Exercise requirements> Transcribe the listing exactly, so that nothing but the pictures is missing.

Stored data>
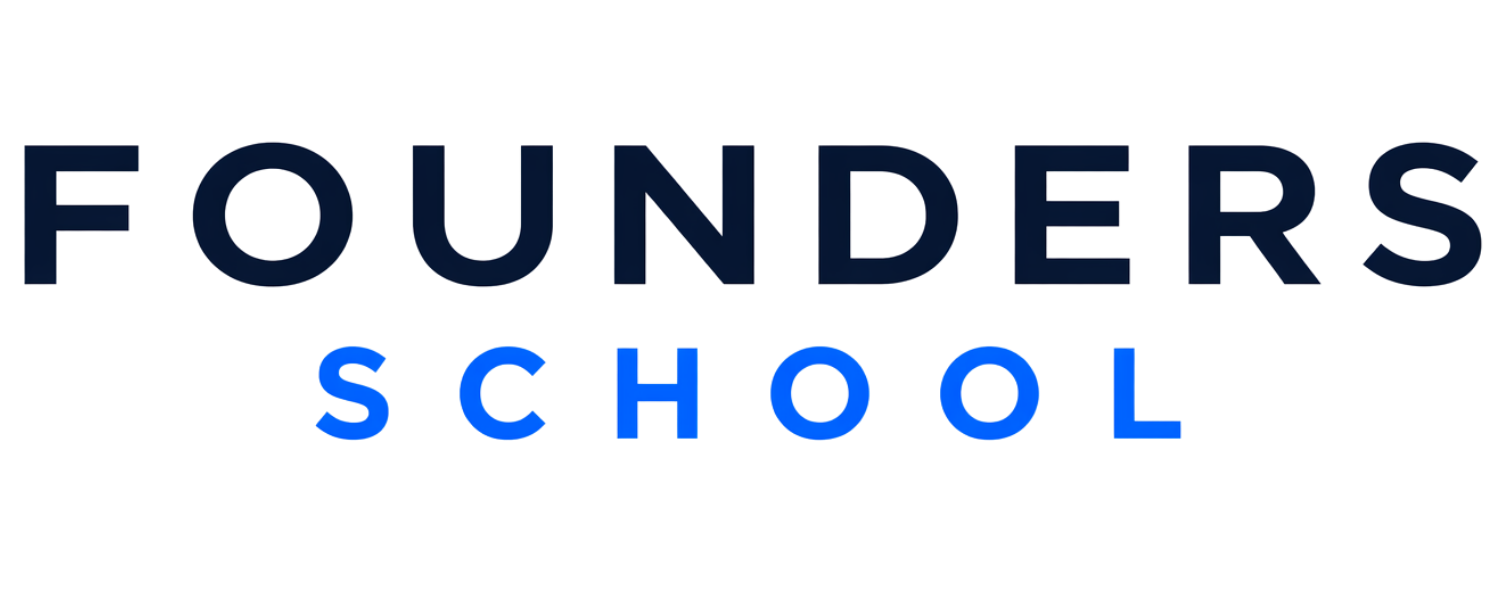Founders School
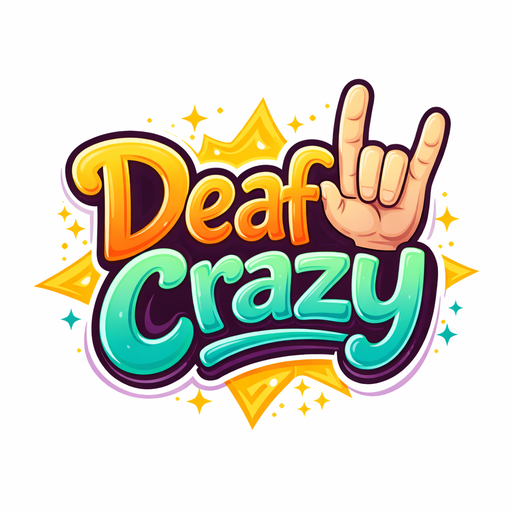 tray_icon #129613 sticker_pack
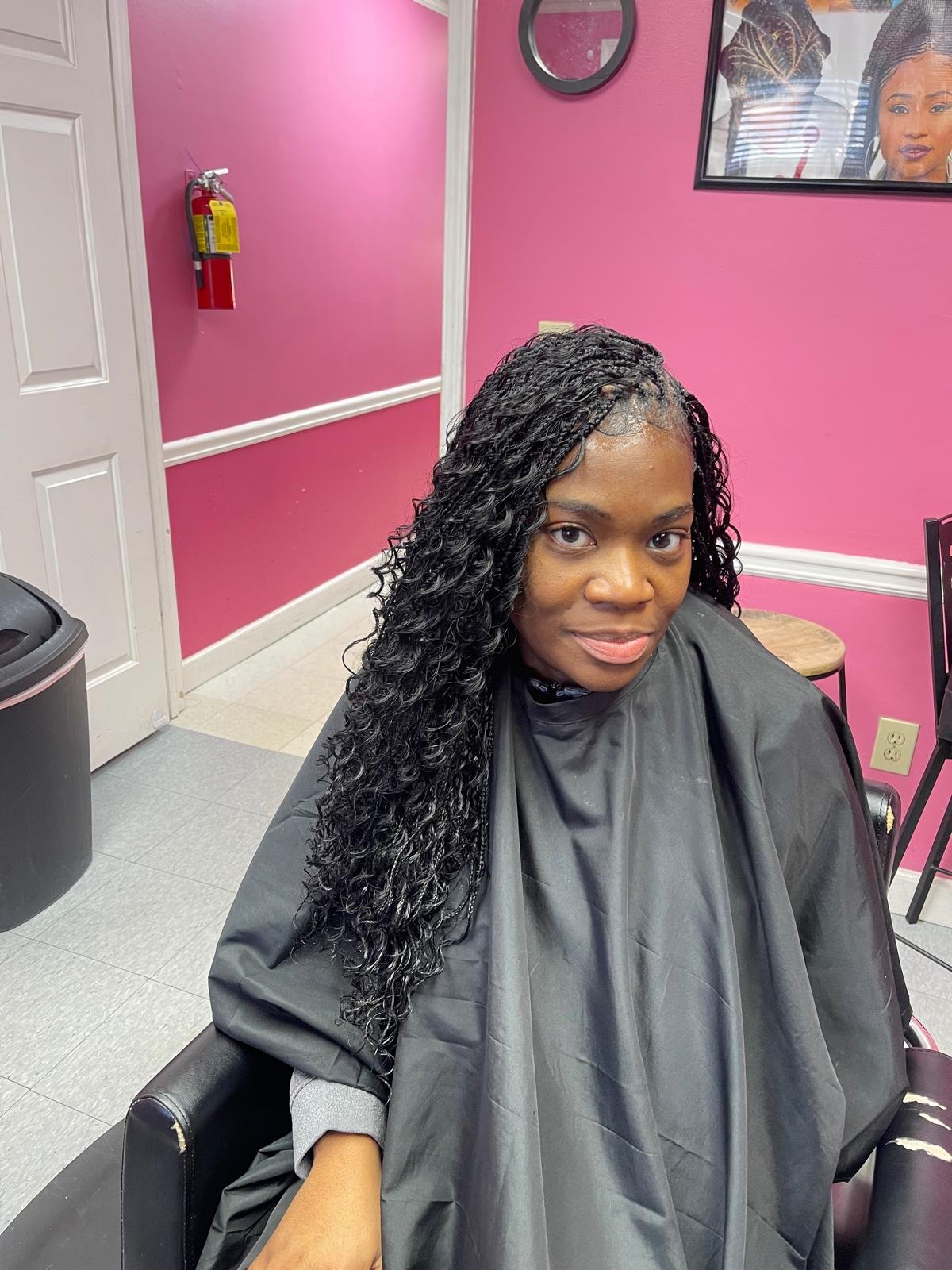 WhatsApp Image 2025 04 15 at 4.40.08 PM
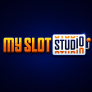 My Slot Studio logotyp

Written reply>
Founders School
 tray_icon #129613 sticker_pack
 WhatsApp Image 2025 04 15 at 4.40.08 PM
 My Slot Studio logotyp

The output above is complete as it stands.